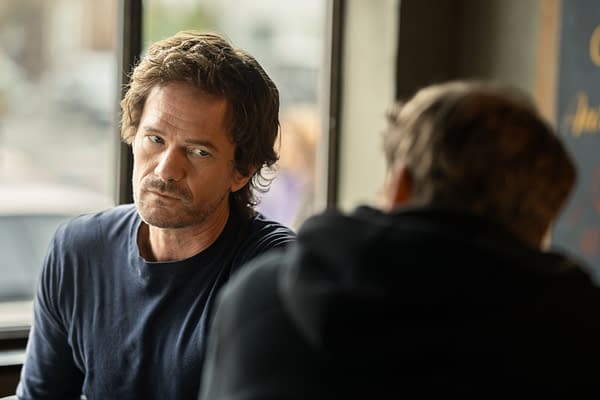 Dexter: Resurrection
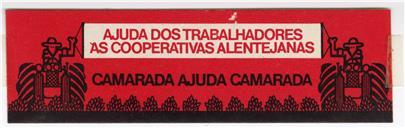 Camarada Ajuda Camarada.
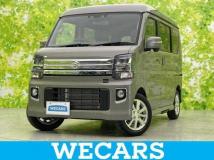 2026 Suzuki Every Wagon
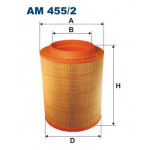 FILTRON Luftfilter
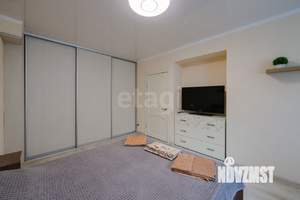 1-к квартира, вторичка, 35м2, 1/5 этаж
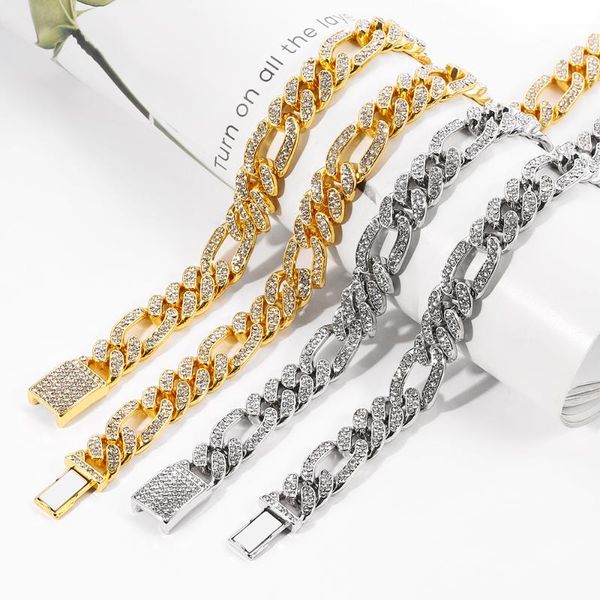 мужчины куба hiphop iced out кофе в зернах цепи ожерелья rhinestone моды 18-24inch длинные цепи ожерелье хип-хоп подарок ювелирных изделий, Silver
мужчины куба hiphop iced out кофе в зернах цепи ожерелья rhinestone моды 18-24inch длинные цепи ожерелье хип-хоп подарок ювелирных изделий, Silver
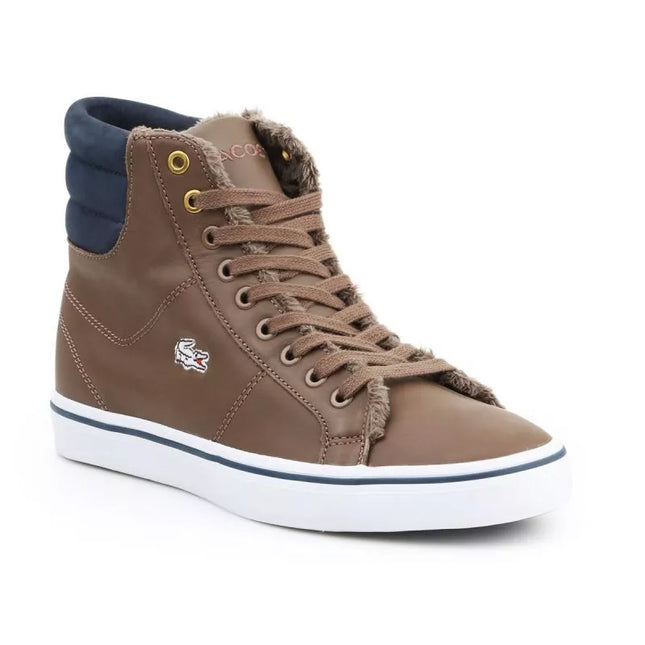 Lacoste Marcel MID PWT DK W 7-26SPW4118DK4 Batai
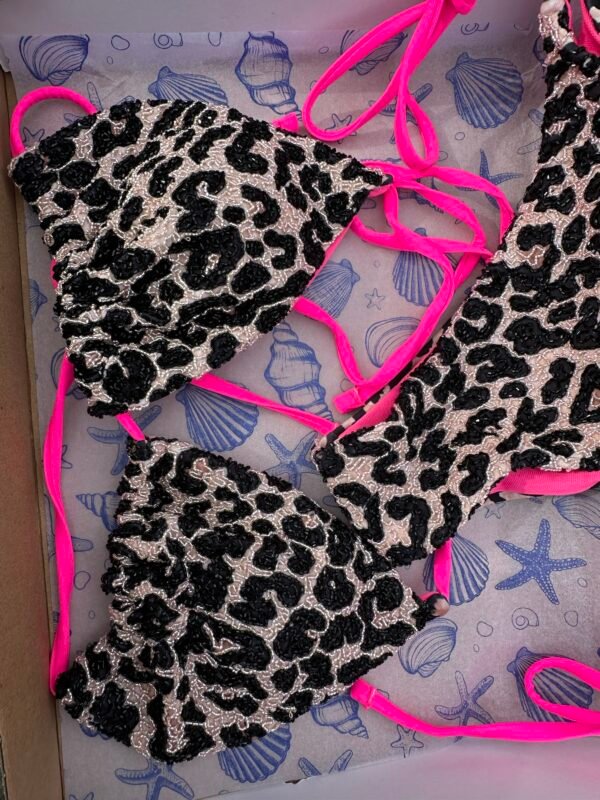 💯leopard - Image 3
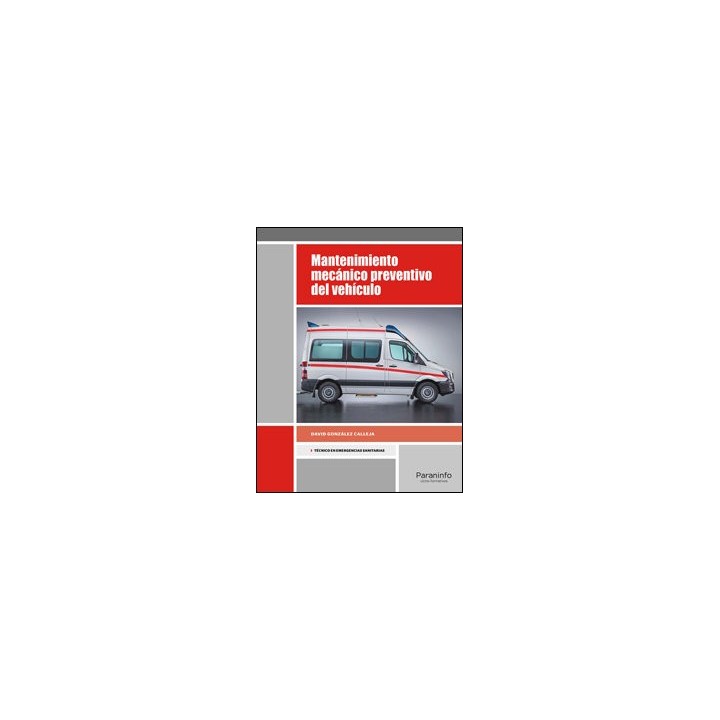 MANTENIMIENTO MECANICO PREVENTIVO VEHICULO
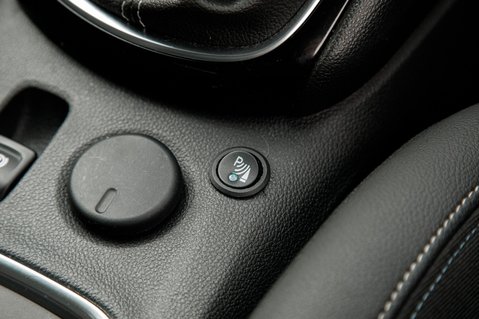 Vauxhall Astra GRIFFIN 31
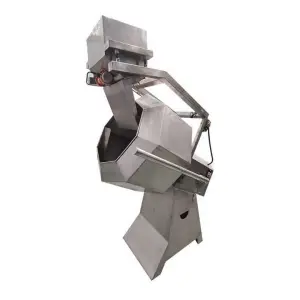 Snack Machines Food Seasoning Machine Other Snack Machines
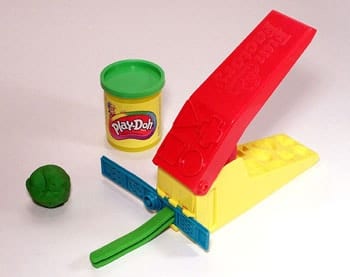 play doh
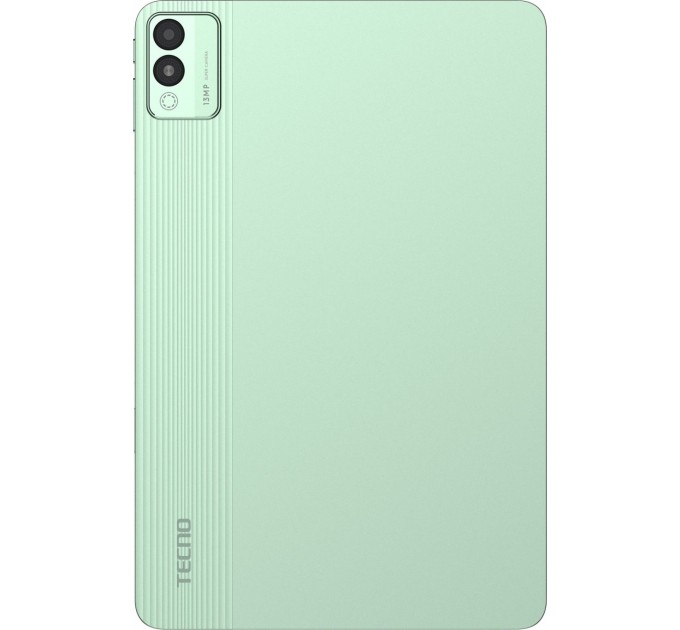 Tecno Планшет Tecno Megapad 11 (T1101) 8/128GB 4G Vitality Green (4894947052200)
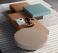 Lema Dolmen Coffee Table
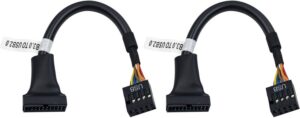Duttek USB 3.0 Header to USB 2.0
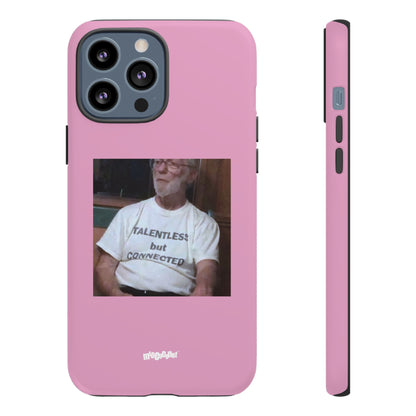 Grandpa Knows Someone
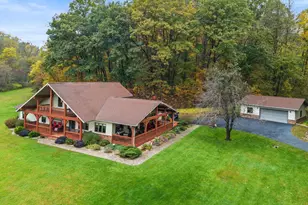 E16467 Grimm Rd, Hillsboro, WI 54634 - Photo 2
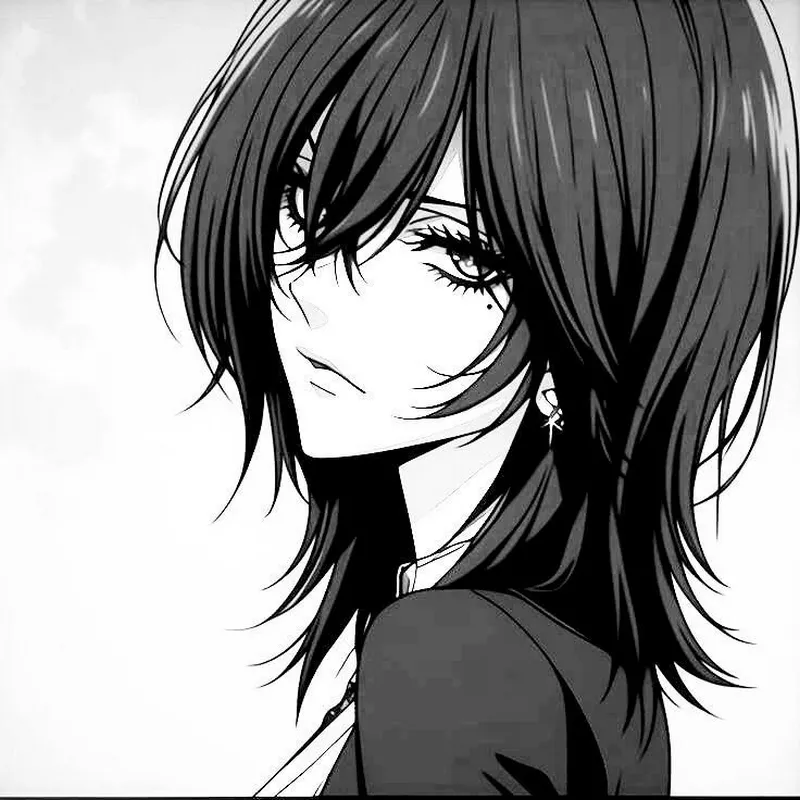 Avatar Buồn Nữ Lạc Lõng Giữa Thế Giới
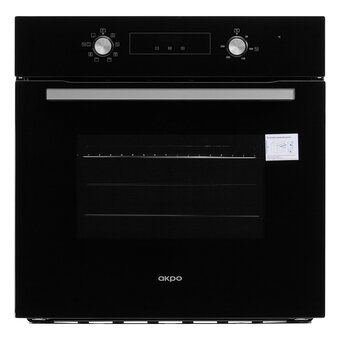  Духовой шкаф AKPO PEA 7009SED03 IX 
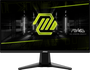 MSI MAG 255F E20 Monitor Gamer 24.5 Pulgadas Full HD Rapid IPS 200 Hz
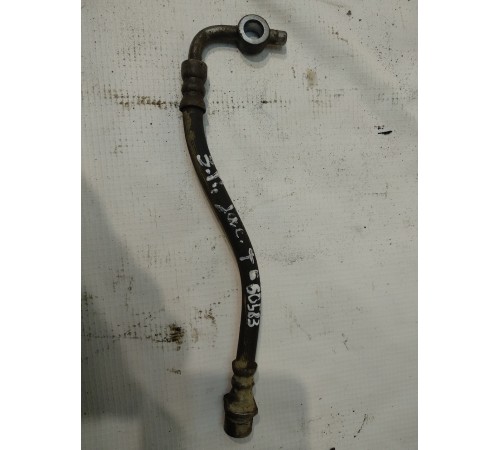 Шланг тормозной задний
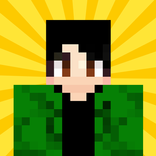 Editor di skin per Minecraft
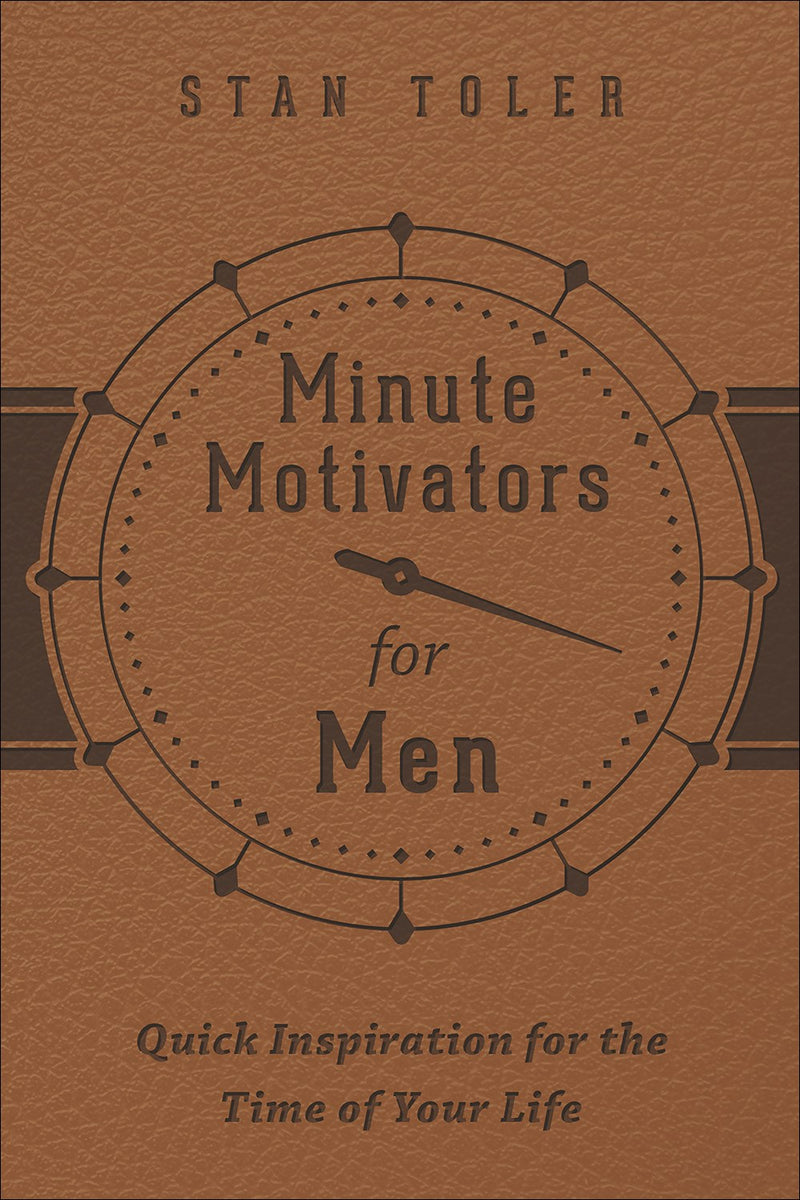 Minute Motivators For Men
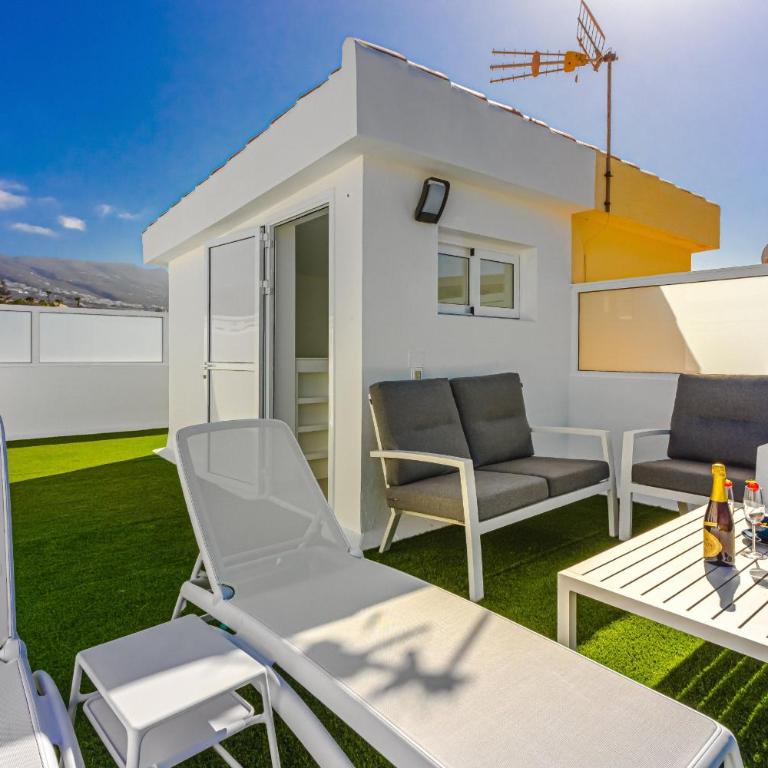 Chill Out House - Casa de 2 dormitorios - 29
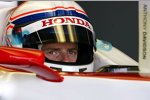 Anthony Davidson (Super Aguri) 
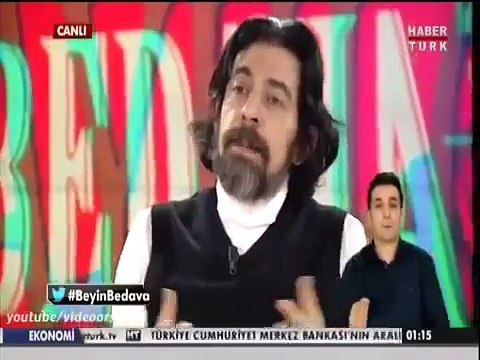 Tasavvuf ve Fenafillah sapması! Yrd. Doç.Dr. Emre Dorman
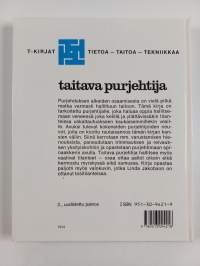 Taitava purjehtija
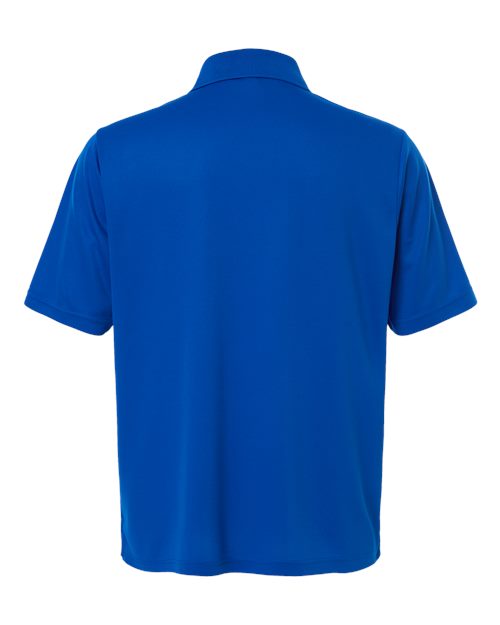 CORE365 Men's Nova Performance Pique Pocket Polo - Image 12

::::::

• **TASK TO COMPLETE**: Repeat only what lies between the start of the data and the end of the line containing "Tecno Планшет Tecno", exactly, with pictures left out.

• **EXPECTED OUTPUT**:
 Dexter: Resurrection
 Camarada Ajuda Camarada.
 2026 Suzuki Every Wagon
 FILTRON Luftfilter
 1-к квартира, вторичка, 35м2, 1/5 этаж
 мужчины куба hiphop iced out кофе в зернах цепи ожерелья rhinestone моды 18-24inch длинные цепи ожерелье хип-хоп подарок ювелирных изделий, Silver
мужчины куба hiphop iced out кофе в зернах цепи ожерелья rhinestone моды 18-24inch длинные цепи ожерелье хип-хоп подарок ювелирных изделий, Silver
 Lacoste Marcel MID PWT DK W 7-26SPW4118DK4 Batai
 💯leopard - Image 3
 MANTENIMIENTO MECANICO PREVENTIVO VEHICULO
 Vauxhall Astra GRIFFIN 31
 Snack Machines Food Seasoning Machine Other Snack Machines
 play doh
 Tecno Планшет Tecno Megapad 11 (T1101) 8/128GB 4G Vitality Green (4894947052200)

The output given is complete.